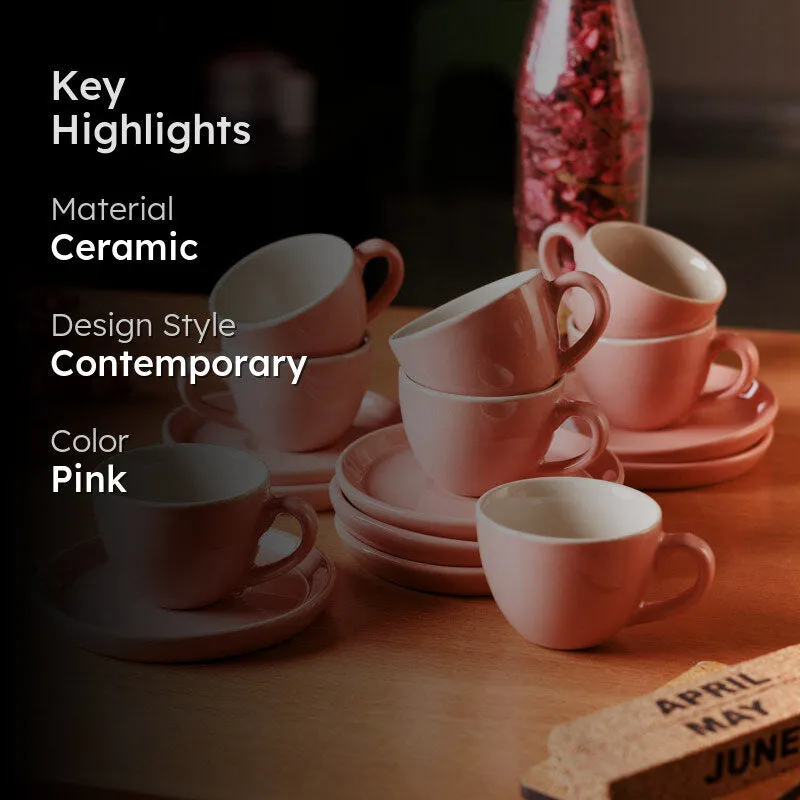 Blush & Brew Cup & Saucer (Pink/100 mL Each) - Set of Eight media 2
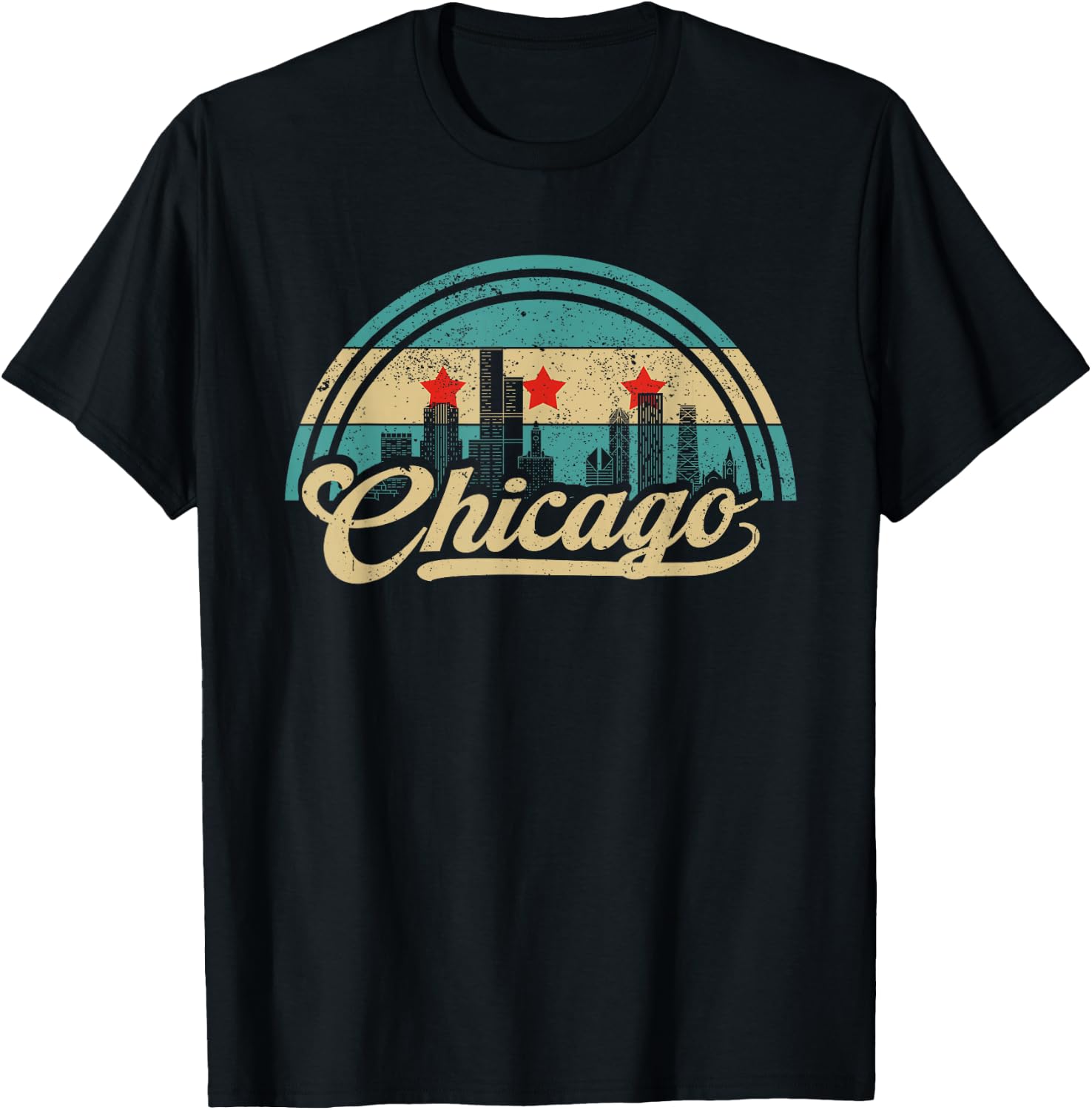 Chicago Flag Skyline Vintage USA Chicago Flag Illinois USA T-Shirt - T-Shirt | Black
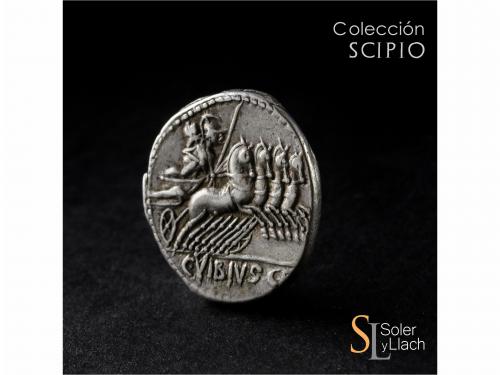 REPÚBLICA ROMANA. Denario. 90 a.C. VIBIA. C. Vibius C.f. Pan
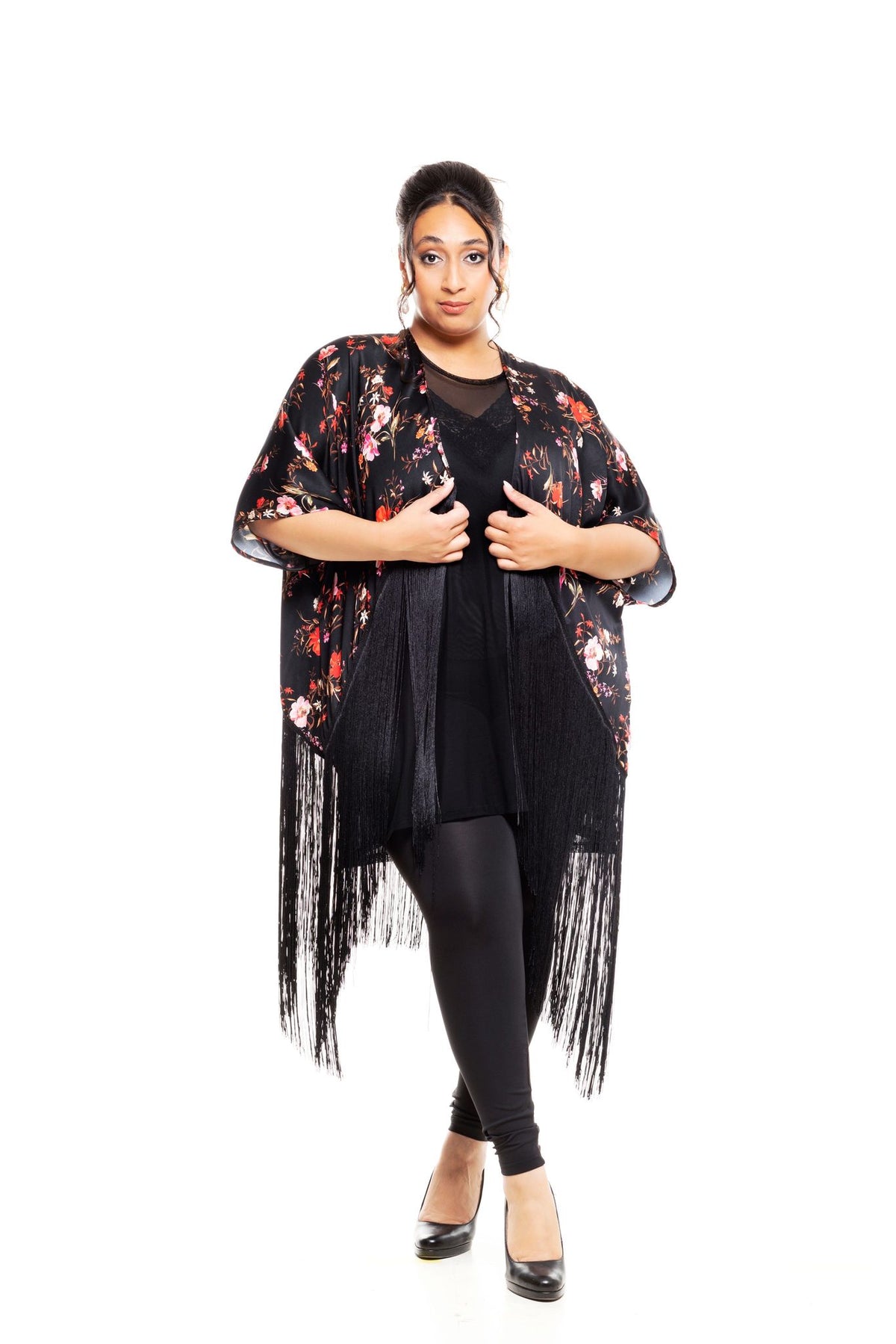 Kimono Satín Dark Flowers 50cm Kögur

▶ _Task brief_
Reproduce all lines above exactly. Leave the images out.

▶ _Answer section_
 Blush & Brew Cup & Saucer (Pink/100 mL Each) - Set of Eight media 2
 Chicago Flag Skyline Vintage USA Chicago Flag Illinois USA T-Shirt - T-Shirt | Black
 REPÚBLICA ROMANA. Denario. 90 a.C. VIBIA. C. Vibius C.f. Pan
 Kimono Satín Dark Flowers 50cm Kögur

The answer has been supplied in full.